→ **TASK TO CARRY OUT**: Your answer should be the lines below from the one holding "Constance- All Handmade" through the one holding "Seize The Day", copied exactly and with nothing else.

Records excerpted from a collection
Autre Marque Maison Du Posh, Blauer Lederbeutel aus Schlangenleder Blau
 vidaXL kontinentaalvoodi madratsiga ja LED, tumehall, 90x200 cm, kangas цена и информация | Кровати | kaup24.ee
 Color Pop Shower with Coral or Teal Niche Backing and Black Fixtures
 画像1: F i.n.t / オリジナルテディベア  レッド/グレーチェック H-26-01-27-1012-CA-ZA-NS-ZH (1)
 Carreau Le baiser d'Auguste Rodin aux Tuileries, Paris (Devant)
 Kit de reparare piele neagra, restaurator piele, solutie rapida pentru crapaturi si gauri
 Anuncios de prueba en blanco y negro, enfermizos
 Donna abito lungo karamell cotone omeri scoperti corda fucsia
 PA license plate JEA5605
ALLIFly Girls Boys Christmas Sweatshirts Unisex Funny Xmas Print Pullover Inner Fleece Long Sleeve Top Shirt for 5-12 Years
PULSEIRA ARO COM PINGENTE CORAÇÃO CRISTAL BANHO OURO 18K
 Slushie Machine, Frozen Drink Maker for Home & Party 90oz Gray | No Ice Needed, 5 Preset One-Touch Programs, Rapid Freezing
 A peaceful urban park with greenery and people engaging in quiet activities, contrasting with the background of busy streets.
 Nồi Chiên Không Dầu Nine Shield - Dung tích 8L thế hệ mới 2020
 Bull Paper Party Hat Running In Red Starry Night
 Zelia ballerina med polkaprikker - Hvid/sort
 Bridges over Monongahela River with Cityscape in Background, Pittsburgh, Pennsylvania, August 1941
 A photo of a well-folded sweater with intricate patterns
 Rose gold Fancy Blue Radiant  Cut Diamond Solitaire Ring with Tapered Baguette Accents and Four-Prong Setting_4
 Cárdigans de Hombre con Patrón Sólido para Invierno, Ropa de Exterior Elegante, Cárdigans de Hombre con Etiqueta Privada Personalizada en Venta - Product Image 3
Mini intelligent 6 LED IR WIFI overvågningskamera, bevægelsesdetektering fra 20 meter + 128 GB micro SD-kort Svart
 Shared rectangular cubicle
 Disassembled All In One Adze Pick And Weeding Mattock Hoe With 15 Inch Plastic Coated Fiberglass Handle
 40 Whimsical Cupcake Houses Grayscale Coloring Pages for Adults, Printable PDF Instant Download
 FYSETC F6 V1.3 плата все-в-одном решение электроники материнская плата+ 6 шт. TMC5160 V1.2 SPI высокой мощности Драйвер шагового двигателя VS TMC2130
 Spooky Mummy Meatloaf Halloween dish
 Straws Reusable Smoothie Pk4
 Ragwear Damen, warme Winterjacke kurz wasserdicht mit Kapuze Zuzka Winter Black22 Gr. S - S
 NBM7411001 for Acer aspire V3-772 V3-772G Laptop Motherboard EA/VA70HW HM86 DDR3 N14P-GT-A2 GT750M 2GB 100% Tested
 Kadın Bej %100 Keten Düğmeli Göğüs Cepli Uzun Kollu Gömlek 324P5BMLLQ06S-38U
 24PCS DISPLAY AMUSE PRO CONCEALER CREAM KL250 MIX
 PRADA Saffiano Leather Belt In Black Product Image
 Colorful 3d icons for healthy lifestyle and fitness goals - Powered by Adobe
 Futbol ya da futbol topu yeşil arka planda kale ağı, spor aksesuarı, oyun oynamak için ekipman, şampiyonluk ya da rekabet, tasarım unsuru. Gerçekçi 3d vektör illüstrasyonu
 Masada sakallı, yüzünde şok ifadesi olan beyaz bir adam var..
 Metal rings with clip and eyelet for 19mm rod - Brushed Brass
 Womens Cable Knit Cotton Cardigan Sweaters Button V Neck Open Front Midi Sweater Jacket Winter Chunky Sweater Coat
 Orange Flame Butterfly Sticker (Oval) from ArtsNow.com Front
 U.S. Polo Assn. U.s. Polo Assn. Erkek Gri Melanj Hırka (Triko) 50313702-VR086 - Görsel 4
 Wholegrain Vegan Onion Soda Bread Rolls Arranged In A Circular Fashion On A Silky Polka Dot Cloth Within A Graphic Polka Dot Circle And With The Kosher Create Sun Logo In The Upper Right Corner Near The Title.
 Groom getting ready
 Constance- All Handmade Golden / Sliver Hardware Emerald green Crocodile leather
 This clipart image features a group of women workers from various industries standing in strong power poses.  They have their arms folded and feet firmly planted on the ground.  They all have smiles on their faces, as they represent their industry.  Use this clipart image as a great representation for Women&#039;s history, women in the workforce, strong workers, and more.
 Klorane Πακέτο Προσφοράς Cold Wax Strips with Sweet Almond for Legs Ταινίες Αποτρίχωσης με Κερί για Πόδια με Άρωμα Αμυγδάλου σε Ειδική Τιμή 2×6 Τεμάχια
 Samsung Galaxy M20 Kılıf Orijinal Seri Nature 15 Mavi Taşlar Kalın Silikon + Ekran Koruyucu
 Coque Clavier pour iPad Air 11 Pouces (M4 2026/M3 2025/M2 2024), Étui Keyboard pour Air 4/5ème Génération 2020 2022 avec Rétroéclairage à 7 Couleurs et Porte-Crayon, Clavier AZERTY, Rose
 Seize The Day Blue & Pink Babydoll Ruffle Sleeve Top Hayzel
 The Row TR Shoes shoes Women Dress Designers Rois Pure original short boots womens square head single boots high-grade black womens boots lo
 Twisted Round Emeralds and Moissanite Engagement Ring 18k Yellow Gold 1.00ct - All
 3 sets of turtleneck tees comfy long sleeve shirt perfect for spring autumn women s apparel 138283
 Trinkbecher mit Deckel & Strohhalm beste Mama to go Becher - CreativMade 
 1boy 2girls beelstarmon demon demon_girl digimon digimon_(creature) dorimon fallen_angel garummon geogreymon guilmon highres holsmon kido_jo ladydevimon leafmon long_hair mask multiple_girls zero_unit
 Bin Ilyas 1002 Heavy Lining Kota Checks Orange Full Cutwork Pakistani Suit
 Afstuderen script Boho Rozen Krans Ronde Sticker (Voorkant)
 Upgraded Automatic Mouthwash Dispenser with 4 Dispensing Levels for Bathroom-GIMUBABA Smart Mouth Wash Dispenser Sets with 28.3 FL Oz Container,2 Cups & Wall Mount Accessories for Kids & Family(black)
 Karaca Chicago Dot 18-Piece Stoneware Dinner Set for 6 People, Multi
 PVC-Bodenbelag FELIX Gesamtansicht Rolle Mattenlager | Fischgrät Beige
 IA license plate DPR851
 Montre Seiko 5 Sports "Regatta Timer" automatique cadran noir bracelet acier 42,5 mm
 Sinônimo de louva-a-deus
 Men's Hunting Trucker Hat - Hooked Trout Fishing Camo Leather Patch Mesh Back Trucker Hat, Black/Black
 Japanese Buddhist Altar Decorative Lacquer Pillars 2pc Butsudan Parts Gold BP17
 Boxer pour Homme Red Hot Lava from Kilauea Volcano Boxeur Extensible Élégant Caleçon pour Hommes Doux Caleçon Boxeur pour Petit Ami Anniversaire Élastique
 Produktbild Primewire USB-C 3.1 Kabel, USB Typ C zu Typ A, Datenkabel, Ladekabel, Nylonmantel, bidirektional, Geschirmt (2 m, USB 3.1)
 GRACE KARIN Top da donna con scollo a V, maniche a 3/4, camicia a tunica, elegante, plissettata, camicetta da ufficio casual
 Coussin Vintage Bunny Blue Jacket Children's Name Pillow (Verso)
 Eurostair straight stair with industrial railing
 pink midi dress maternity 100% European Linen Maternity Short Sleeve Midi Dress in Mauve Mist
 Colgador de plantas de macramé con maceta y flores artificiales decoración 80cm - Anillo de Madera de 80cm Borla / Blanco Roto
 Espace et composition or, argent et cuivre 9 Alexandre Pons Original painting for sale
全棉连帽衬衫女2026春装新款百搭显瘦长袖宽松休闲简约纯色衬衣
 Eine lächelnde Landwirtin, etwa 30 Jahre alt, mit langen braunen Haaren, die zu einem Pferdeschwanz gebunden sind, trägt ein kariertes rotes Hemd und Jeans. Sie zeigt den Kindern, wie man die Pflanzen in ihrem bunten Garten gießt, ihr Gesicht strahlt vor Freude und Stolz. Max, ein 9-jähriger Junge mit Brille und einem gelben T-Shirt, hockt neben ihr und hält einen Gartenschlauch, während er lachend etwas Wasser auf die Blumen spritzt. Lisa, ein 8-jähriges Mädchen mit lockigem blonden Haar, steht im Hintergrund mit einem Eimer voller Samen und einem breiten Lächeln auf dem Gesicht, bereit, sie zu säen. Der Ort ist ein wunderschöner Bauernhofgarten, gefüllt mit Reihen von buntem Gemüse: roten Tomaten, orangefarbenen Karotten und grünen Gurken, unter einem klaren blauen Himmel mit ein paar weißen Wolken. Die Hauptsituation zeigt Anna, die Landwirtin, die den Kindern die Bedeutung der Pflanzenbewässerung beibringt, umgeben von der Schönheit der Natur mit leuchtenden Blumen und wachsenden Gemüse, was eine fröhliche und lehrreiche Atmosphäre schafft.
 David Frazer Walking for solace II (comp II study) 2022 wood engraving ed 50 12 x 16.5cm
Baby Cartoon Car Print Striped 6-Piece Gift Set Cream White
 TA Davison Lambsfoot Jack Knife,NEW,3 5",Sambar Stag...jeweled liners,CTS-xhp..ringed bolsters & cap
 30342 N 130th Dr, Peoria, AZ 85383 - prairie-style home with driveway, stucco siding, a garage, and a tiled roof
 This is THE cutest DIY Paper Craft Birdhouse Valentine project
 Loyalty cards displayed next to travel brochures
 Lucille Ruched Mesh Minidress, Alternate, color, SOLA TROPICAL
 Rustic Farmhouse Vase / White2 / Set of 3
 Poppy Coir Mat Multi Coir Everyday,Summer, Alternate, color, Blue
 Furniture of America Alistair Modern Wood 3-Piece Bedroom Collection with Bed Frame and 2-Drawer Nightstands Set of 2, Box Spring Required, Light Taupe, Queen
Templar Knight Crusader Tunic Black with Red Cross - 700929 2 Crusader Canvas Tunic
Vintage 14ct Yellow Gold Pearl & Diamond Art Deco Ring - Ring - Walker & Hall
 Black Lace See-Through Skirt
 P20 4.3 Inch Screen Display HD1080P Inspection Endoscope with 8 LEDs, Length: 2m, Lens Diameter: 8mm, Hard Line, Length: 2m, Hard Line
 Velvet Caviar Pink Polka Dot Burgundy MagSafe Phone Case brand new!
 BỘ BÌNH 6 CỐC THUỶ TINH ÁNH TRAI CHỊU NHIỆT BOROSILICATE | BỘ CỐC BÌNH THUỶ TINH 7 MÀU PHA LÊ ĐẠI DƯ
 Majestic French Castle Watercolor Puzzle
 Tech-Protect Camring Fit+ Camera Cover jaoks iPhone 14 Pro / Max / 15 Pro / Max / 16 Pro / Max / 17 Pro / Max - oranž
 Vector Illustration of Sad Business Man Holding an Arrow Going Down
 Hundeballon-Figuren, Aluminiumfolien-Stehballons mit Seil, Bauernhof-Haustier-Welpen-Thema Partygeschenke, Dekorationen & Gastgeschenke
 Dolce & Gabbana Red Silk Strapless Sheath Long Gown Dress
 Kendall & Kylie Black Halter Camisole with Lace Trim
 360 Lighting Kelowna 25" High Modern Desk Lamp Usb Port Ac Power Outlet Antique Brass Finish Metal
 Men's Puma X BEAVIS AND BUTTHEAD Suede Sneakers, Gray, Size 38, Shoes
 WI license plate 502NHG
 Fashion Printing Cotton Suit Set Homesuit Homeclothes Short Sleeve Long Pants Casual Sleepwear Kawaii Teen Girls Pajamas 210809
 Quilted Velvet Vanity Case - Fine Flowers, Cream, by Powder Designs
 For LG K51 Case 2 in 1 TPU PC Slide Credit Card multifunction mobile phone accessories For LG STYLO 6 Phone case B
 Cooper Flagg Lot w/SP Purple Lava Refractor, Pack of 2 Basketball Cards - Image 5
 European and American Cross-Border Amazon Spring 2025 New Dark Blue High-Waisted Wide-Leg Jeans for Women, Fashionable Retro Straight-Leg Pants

→ **RESULT OF THE EXERCISE**:
 Constance- All Handmade Golden / Sliver Hardware Emerald green Crocodile leather
 This clipart image features a group of women workers from various industries standing in strong power poses.  They have their arms folded and feet firmly planted on the ground.  They all have smiles on their faces, as they represent their industry.  Use this clipart image as a great representation for Women&#039;s history, women in the workforce, strong workers, and more.
 Klorane Πακέτο Προσφοράς Cold Wax Strips with Sweet Almond for Legs Ταινίες Αποτρίχωσης με Κερί για Πόδια με Άρωμα Αμυγδάλου σε Ειδική Τιμή 2×6 Τεμάχια
 Samsung Galaxy M20 Kılıf Orijinal Seri Nature 15 Mavi Taşlar Kalın Silikon + Ekran Koruyucu
 Coque Clavier pour iPad Air 11 Pouces (M4 2026/M3 2025/M2 2024), Étui Keyboard pour Air 4/5ème Génération 2020 2022 avec Rétroéclairage à 7 Couleurs et Porte-Crayon, Clavier AZERTY, Rose
 Seize The Day Blue & Pink Babydoll Ruffle Sleeve Top Hayzel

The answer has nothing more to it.